LinguaCafe icon indicating copy to clipboard operation
LinguaCafe copied to clipboard

Dictionaries: add original language dictionary - add definition from wiktionary in the original language

Open pm3003 opened this issue 1 year ago • 6 comments

This is a feature request

When learners reach a certain level with a language, simple translations are not enough. Coincidentally, that's often when they start to read classical texts, and when LinguaCafe is most useful.

Original language dictionaries help understand finer nuances and slightly different significations of a word.

Request: Add original language dictionaries. I believe this can be most easily achieved by adding wiktionary dictionaries in the original language (German dictionary from wiktionary.de, Italian wiktionary from wiktionary.it, etc)with word and definition.

pm3003 avatar Feb 15 '24 12:02 pm3003

It is something that I also planned. Do you have a source for monolingual wiktionaries?

It will probably be added later, because there are some other things I want to prioritize first.

simjanos-dev avatar Feb 15 '24 13:02 simjanos-dev

Thank you very much !

Here are some comments on dictionaries, I believe the easiest is Wiktionary :

Apart from wiktionaries (available in xml format , as raw dumps ), I used a few years ago a toolchain that included sdcv (Stardict command-line version). They had trouble at some point because they offered scraped copyrighted dictionaries, but they also have a handful of free dictionaries. https://github.com/Dushistov/sdcv https://github.com/huzheng001/stardict-3.

The GLAWI/ENGLAWI project has a free restructured version of Wiktionary for some languages.

The project dictmaster has a link to a relatively old list of free offline dictionaries, explicitely free, and not explicitely free (though for example the American Heritage Dictionary is public domain).

Project Gutenberg has free dictionaries in full-text format, that might be easibly parseable (See for example this Welsh-English dictionary). This person has done it with the Project Gutenberg's digitization of the 1913 Webster dictionary. (There's also a GNU version of it )

The Russian Website Lingvo has a lot of dictionaries in bgl/Goldendict format, but most of them are likely copyrighted.

Regarding two languages I know well, French and German:

  • French : the very good Littré dictionary is available as XML. TLFI and the Académie Française Dictionary are better and should be legally usable. I can ask the public institutions behind those two dicitionaries if they can provide an offline version.
  • German : the reference dictionary service overall is on dwds.de, but they have some copyrighted sources and they don't provide an API for definitions (neither do Duden and Langenscheidt, the reference commercial dictionaries). However, the best classical dictionary (by far) for the German language is the DWB, the dictionary of the famous Grimm brothers. It's still unmatched in some aspects.

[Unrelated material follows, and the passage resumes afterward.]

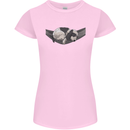 Cocker Spaniel on a Hammock Dog Womens Petite Cut T-Shirt Light Pink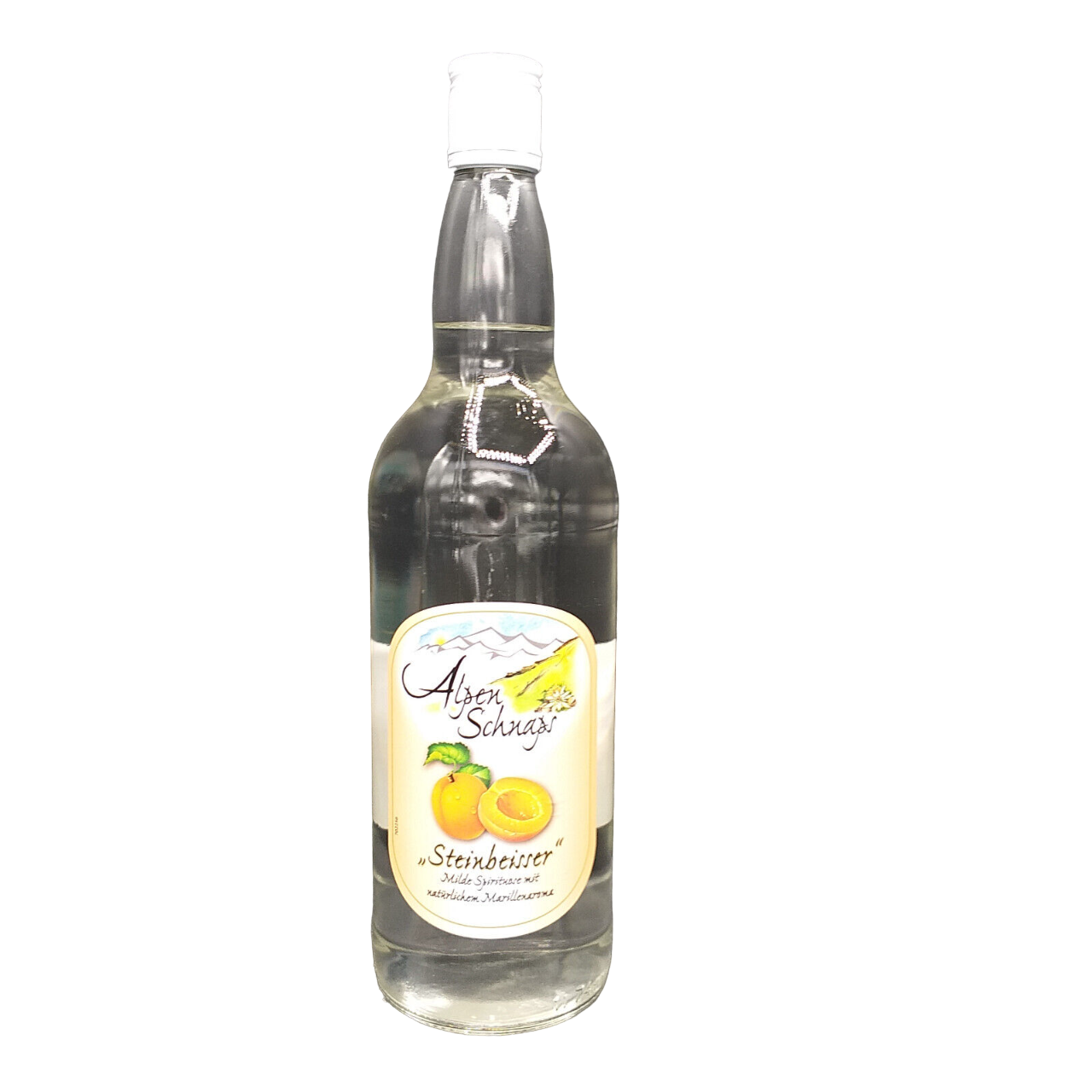 Alpen Schnaps Marillenbrand-Spirituose  Steinbeisser 35% VOL. (1x1,0ltr.)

It's digitization was managed by the Trier University Center for Digital Humanities. They've done quite a few other dictionaries. The DWB is public domain and at some point it was available on CD ROM. I believe there's a high chance they would provide the XML data if asked nicely. I'll look for it on the Internet meanwhile (for the DWB at least) .

pm3003 avatar Feb 17 '24 00:02 pm3003

Thank you so much for the detailed information and links!

I will start with the monolingual wiktionaries first in the next couple of updates. I haven't checked the details of xml yet, if the definitions are extractable easily, they should be very easy to add. I'll look at all the other ones in the future, and eventually add all of them.

I love dictionaries, the more the better.

simjanos-dev avatar Feb 17 '24 09:02 simjanos-dev

word

It seems like it will be very difficult to parse it. XML files do not have a "meaning" field, so I'll have to try to parse the plain formatted text somehow.

simjanos-dev avatar Feb 28 '24 15:02 simjanos-dev

@pm3003

Hi!

It is very difficult to parse the original XML files from wiktionary.

I found kaikki.org. It has monlingual wiktionaries in a format that can be easily imported, I will start with these. It has monolingual wiktionaries in these languages:

  • Chinese
  • French
  • German
  • Russian
  • Spanish

I plan to add more, and go through your sources, it will just take some time.

simjanos-dev avatar Mar 26 '24 19:03 simjanos-dev

Will you consider supporting the Yomichan format (JSON)? It will gain access to a wealth of dictionaries made by Yomichan users in many languages, not just Japanese. It can be bring-your-own-dictionary and you don't need to worry about copyright.

lef-est avatar Jun 28 '24 12:06 lef-est